(Items from a data source)
════════
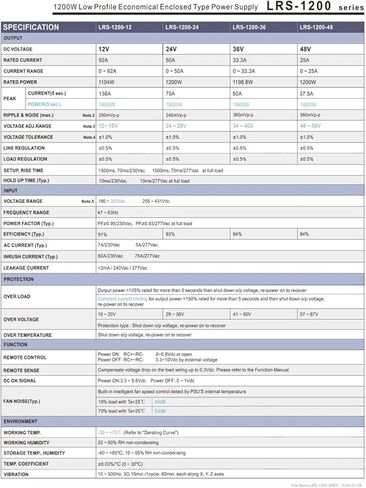 LRS-1200 Switching Power Supply 12/24/36/48V 1200W LRS-1200-12 LRS-1200-24 LRS-1200-36(LRS-1200-36) in Kuwait
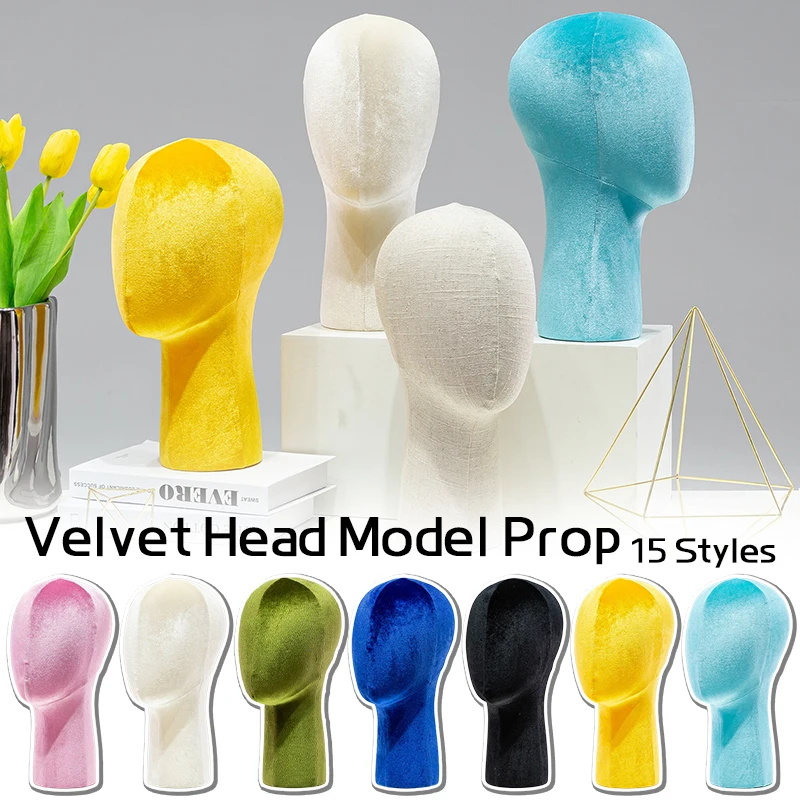 33cm Velvet Wigs Head Mannequin Rack Stylist Hairpiece Styling Sturdy Hat Stand Holder Wig Hat Glasses Scarf Display Stand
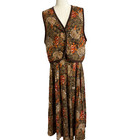 Vtg 70s Leslie Fay Quilted Vest Wide Leg Pants Set Boho Festival Size  16 18w 32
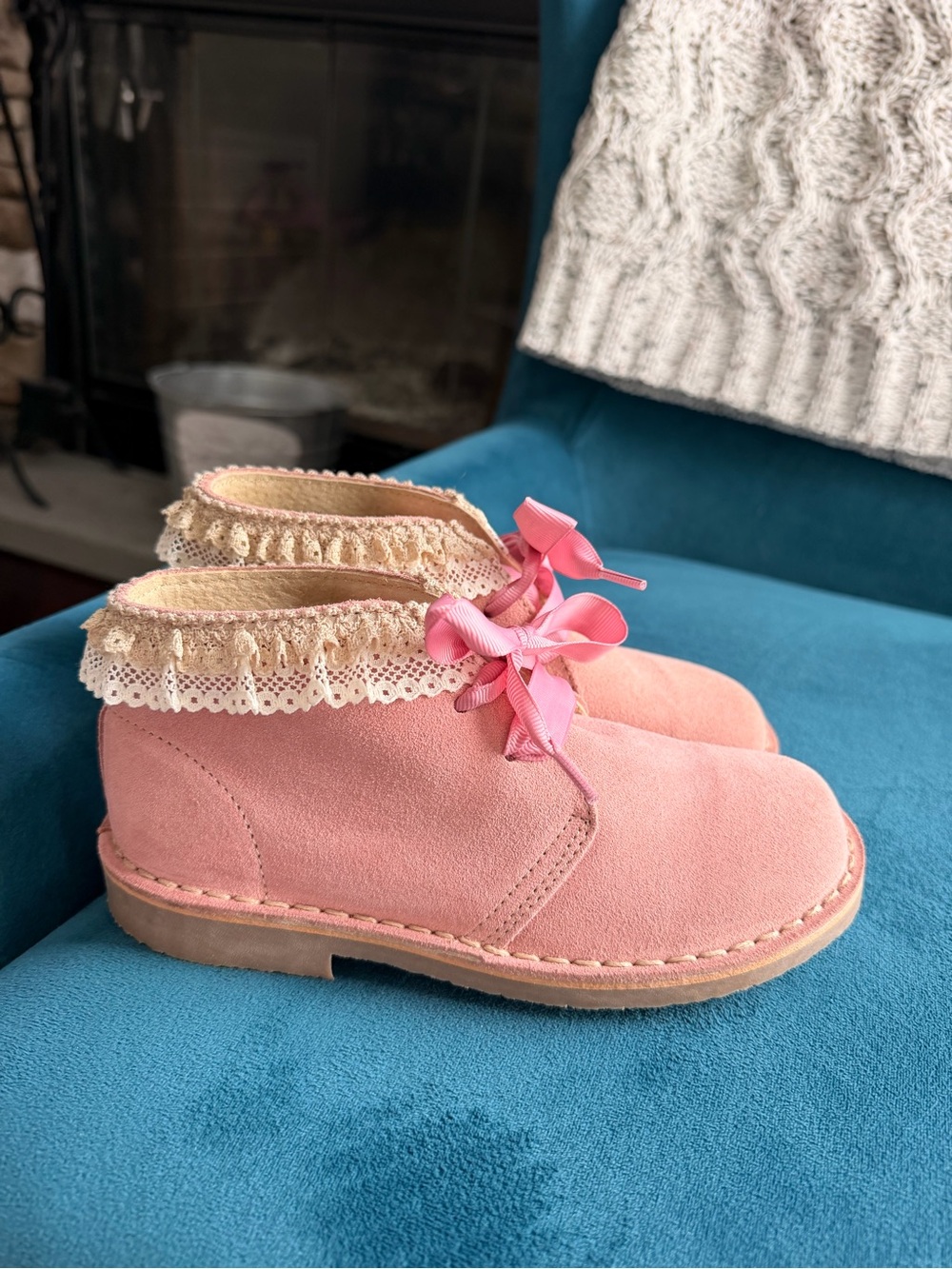 European Pink Suede Ankle Boots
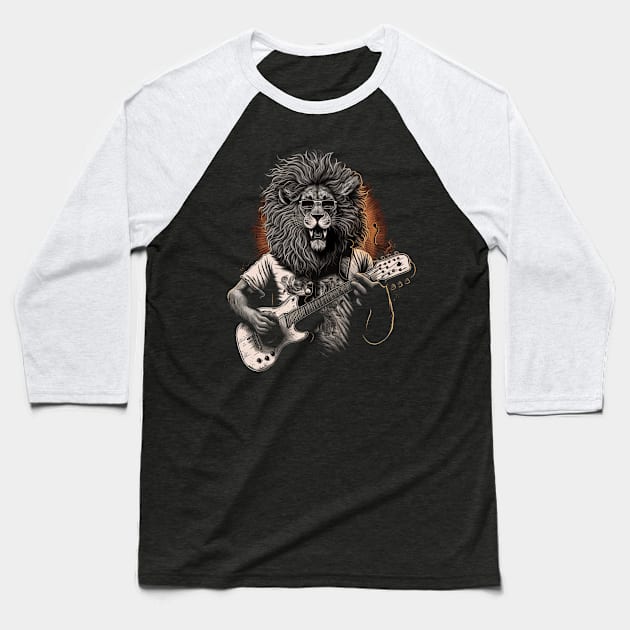 Cool Lion Playing a Guitar Baseball T-Shirt by AI studio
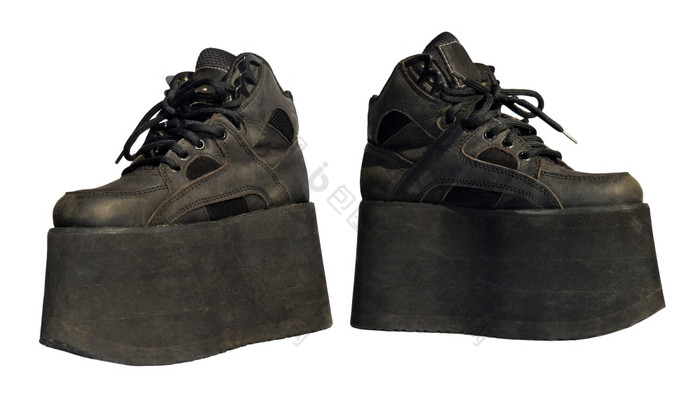 女士们黑色的真正的皮革靴子平台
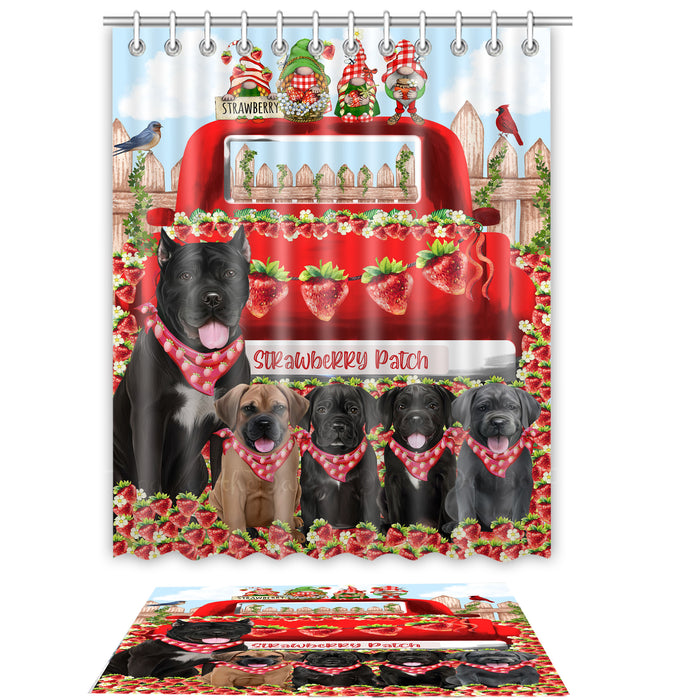 Cane Corso Shower Curtain with Bath Mat Combo: Curtains with hooks and Rug Set Bathroom Decor, Custom, Explore a Variety of Designs, Personalized, Pet Gift for Dog Lovers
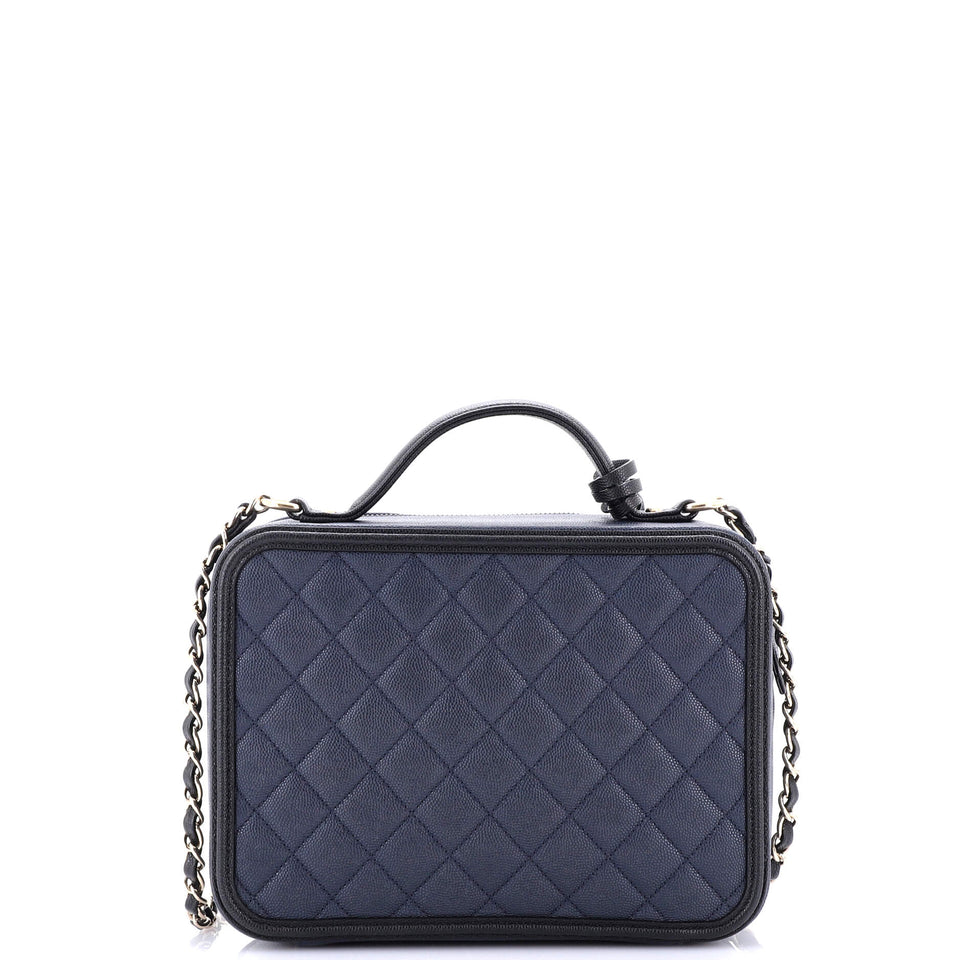 Filigree Vanity Case Quilted Caviar Large
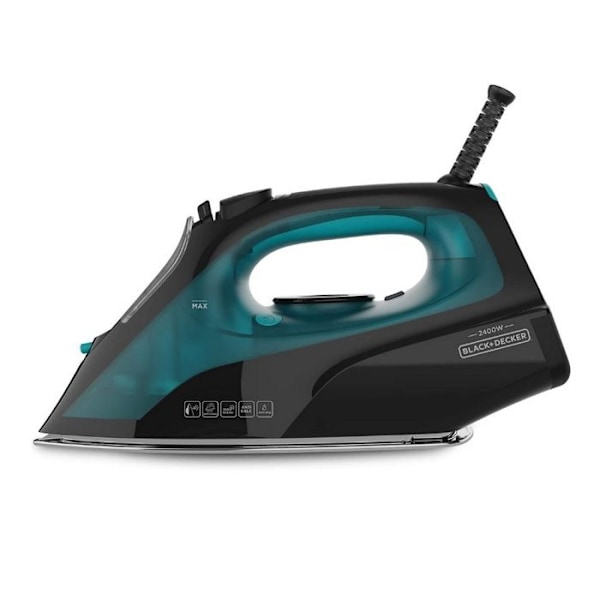 BLACK+DECKER BXIR2403E 2400 W silitysrauta, 150 g/min höyrysuihku, kapasiteetti 375 ml, kalkinpoistosuodatin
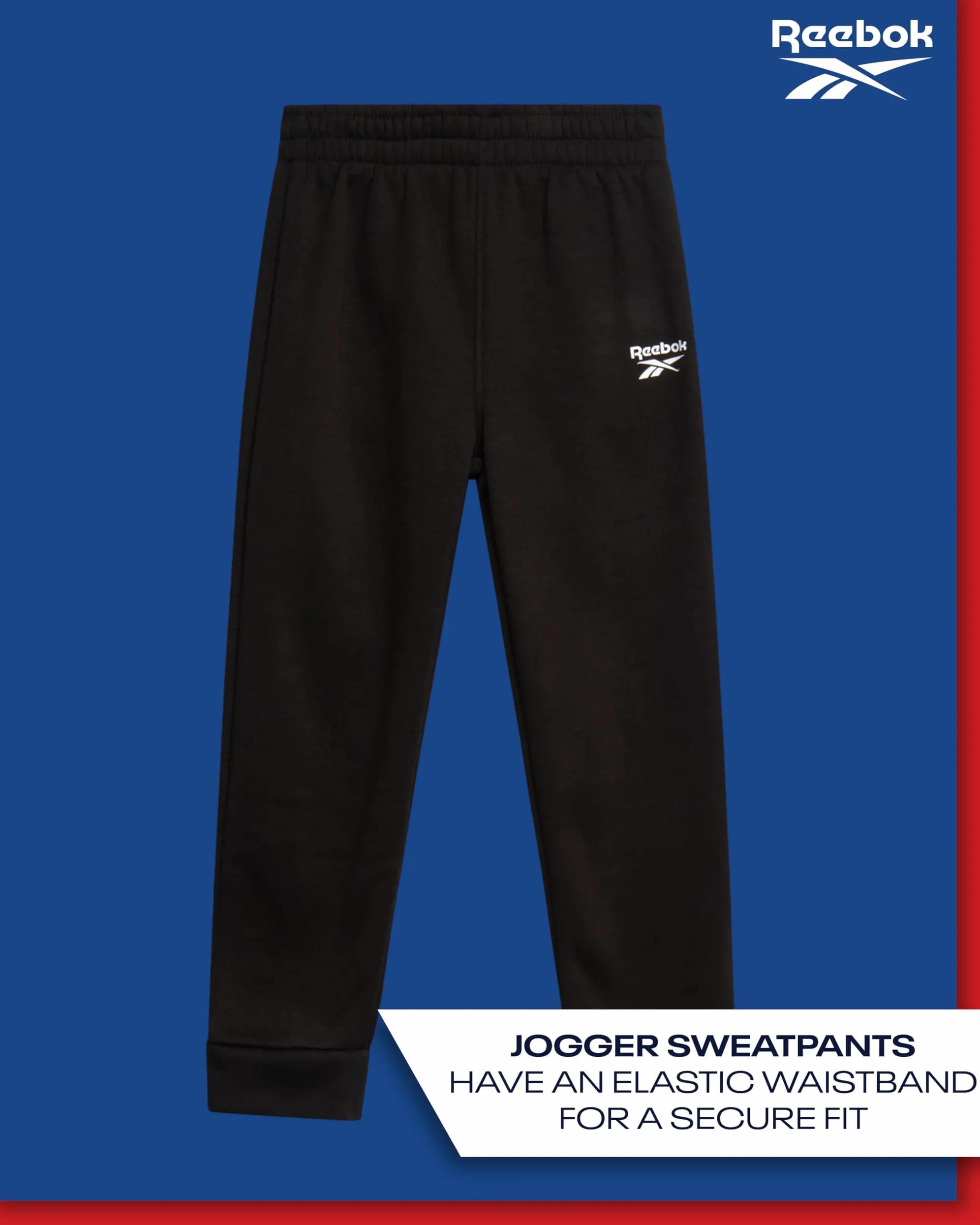 Reebok Conjunto de sudadera con capucha y pantalones deportivos de forro polar de 2 piezas (tallas: 2T-7)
════════
• [Directions]:
Transcribe exactly and only the lines from the top of the records through the line containing "Cane Corso Shower", inclusive, and do not copy the pictures.

• [Output for this task]:
 LRS-1200 Switching Power Supply 12/24/36/48V 1200W LRS-1200-12 LRS-1200-24 LRS-1200-36(LRS-1200-36) in Kuwait
 33cm Velvet Wigs Head Mannequin Rack Stylist Hairpiece Styling Sturdy Hat Stand Holder Wig Hat Glasses Scarf Display Stand
 Vtg 70s Leslie Fay Quilted Vest Wide Leg Pants Set Boho Festival Size  16 18w 32
 European Pink Suede Ankle Boots
 Cool Lion Playing a Guitar Baseball T-Shirt by AI studio
 女士们黑色的真正的皮革靴子平台
 Cane Corso Shower Curtain with Bath Mat Combo: Curtains with hooks and Rug Set Bathroom Decor, Custom, Explore a Variety of Designs, Personalized, Pet Gift for Dog Lovers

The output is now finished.